Zeigen: Dies ist die Zeit, in der sich die kognitiven und sprachlichen Fähigkeiten der Kinder weiterentwickeln. Sie können erkennen, wenn Menschen traurig, glücklich und wütend sind, und sie können Ähnlichkeiten zwischen ihren eigenen Gefühlen und denen anderer erkennen. Durch symbolisches Spiel übernehmen sie unterschiedliche Rollen und beginnen sogar, Bedürfnisse vorherzusehen. Zum Beispiel kann Ihr Kind eine Szene ausspielen, in der ein Monster ein Kätzchen angreift, das sie versuchen könnte zu retten. Das zeigt, dass sie sich nicht nur um diejenigen kümmert, die Hilfe brauchen, sondern auch darüber, wie sie helfen kann. Jetzt kann ein idealer Zeitpunkt sein, um mit ihr darüber zu sprechen, wie gut du dich fühlst, wenn du anderen hilfst, und mit gutem Beispiel voranzugehen. Bilderbücher können auch einem Thema Bedeutung verleihen, das Ihr Kind sonst nicht erfassen könnte. Ihre Charaktere und Handlungsstränge können ein abstraktes Konzept wie Krebs konkretisieren und mit Emotionen verbinden. "Einem Kind zu helfen, die Idee der Philanthropie zu verstehen, bedeutet nicht, zu erzählen, zu erzählen, zu erzählen", erklärt Dr. Scarlett. "Es zeigt, zeigt, zeigt."

4 bis 6 Jahre

Engage: Irgendwo zwischen 4 und 6 Jahren kommen die Stücke zusammen, sagt Georgia Michalopoulou, Ph.D., Stabschef für Kinderpsychiatrie und -psychologie am Kinderkrankenhaus von Michigan in Detroit. Kinder können sich vorstellen, wie es sich anfühlt, in der Situation eines anderen zu sein. "Ein 5-Jähriger kann sich darauf beziehen, wie es für ein anderes Kind im Krankenhaus sein könnte, ohne seine Spielsachen, Haustiere oder Freunde", sagt Dr. Michalopoulou. Gegenwärtige Situationen, die Ihrem Kind helfen, Gefühle mit Handlungen zu verbinden: Wenn der Keks seines Freundes in den Schmutz fällt, würde es dann helfen, seinen eigenen Keks zu teilen? In diesem Alter wird Ihr Kind wahrscheinlich immer noch nicht in der Lage sein, große globale Probleme wie den Hunger in der Welt zu verstehen. Er kann jedoch verstehen, dass er nicht genug zu essen hat.

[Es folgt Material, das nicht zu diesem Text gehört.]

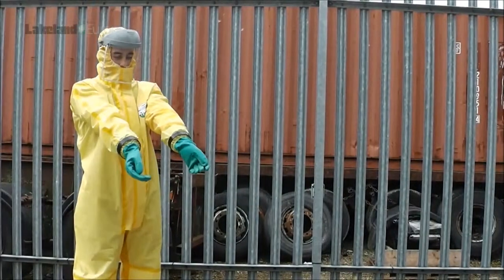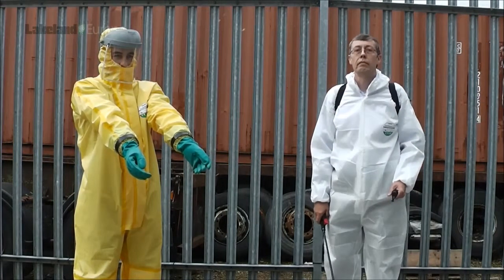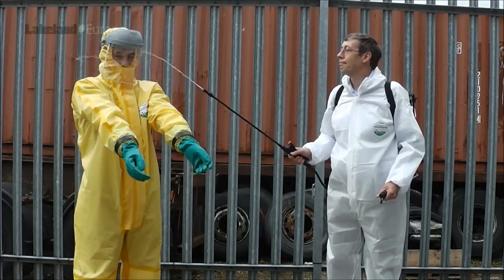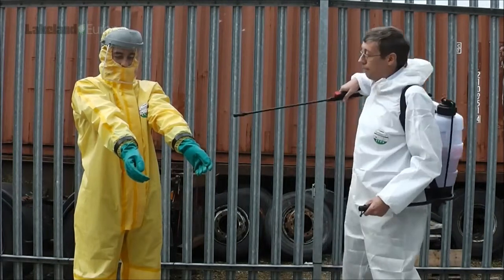We asked Romain to stand with arms outstretched. Then we asked John to spray Romain with the liquid. Not in the face, John — on his arms, wrists and hands. We're testing the push-fit glove system, remember?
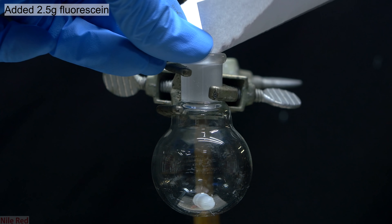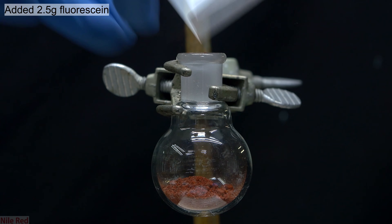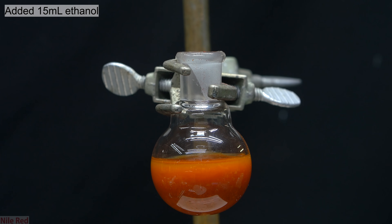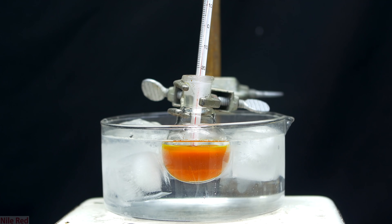To start things off, I pour about 2.5g of fluorescein into a 25ml round bottom flask. On top of the fluorescein, I pour in about 15ml of 95% ethanol. Before mixing, we actually had a kind of cool color gradient going on, but that was quickly disrupted after I set up a small ice bath and got the stirring going.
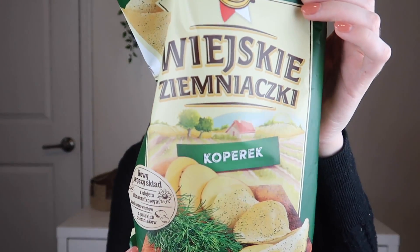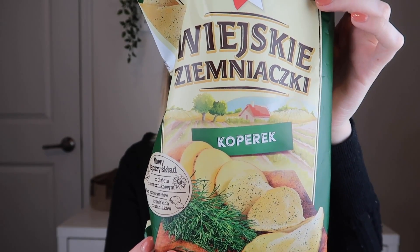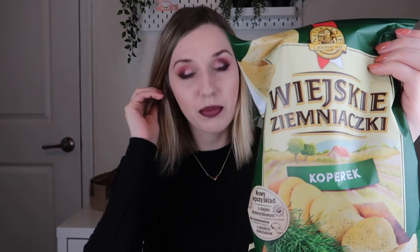The first snack I'm pulling out is the Witzki Zemanacki Koprek — I said that really badly — and these are the dill potato chips. I tend to love Polish snacks because they're very similar to German snacks, and I have a German background, so a lot of these things are going to remind me of that. These look really yummy. Now personally I don't really like potato chips at all, so these will be going to my sister — but if you like potato chips, these sound really good.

Wenn man sich auf die kleineren Probleme innerhalb der größeren Probleme konzentriert, wird es ihm helfen, zu entscheiden, wie man etwas verändern kann. Vielleicht mag eine Familie ohne Essen eine Schachtel Müsliriegel oder ein Glas Erdnussbutter mögen?

7 bis 10 Jahre

Initiieren: Kinder in diesem Alter sind bereit, mit ein wenig Hilfe von ihren Eltern Entscheidungen zu treffen und Maßnahmen zu ergreifen. Konzentriere dich auf die Interessen deines Kindes - Kochen, Bauen, Zeichnen - und frage sie, wie sie ihre Fähigkeiten einsetzen könnte, um zu helfen. Wenn sie ratlos ist, versuchen Sie es mit Volunteer Match.org, das die Interessen Ihres Kindes mit Projekten in Ihrer Nähe verbindet. (Willst du deinem Kind bei ihren Bemühungen beitreten? Finde Familienangebote bei DoingGood Together.org oder auf BigHeartedFamilies.org.) Diese Art von emotionaler Bindung an eine Sache und konkrete Handlung kann sich nachhaltig auf deine Kinder auswirken, sagt Dr. Scarlett. "Das Leben ist am wertvollsten, wenn wir uns um andere kümmern und von anderen versorgt werden", sagt er. "Sie helfen ihnen, ihrem eigenen Leben einen Sinn zu geben."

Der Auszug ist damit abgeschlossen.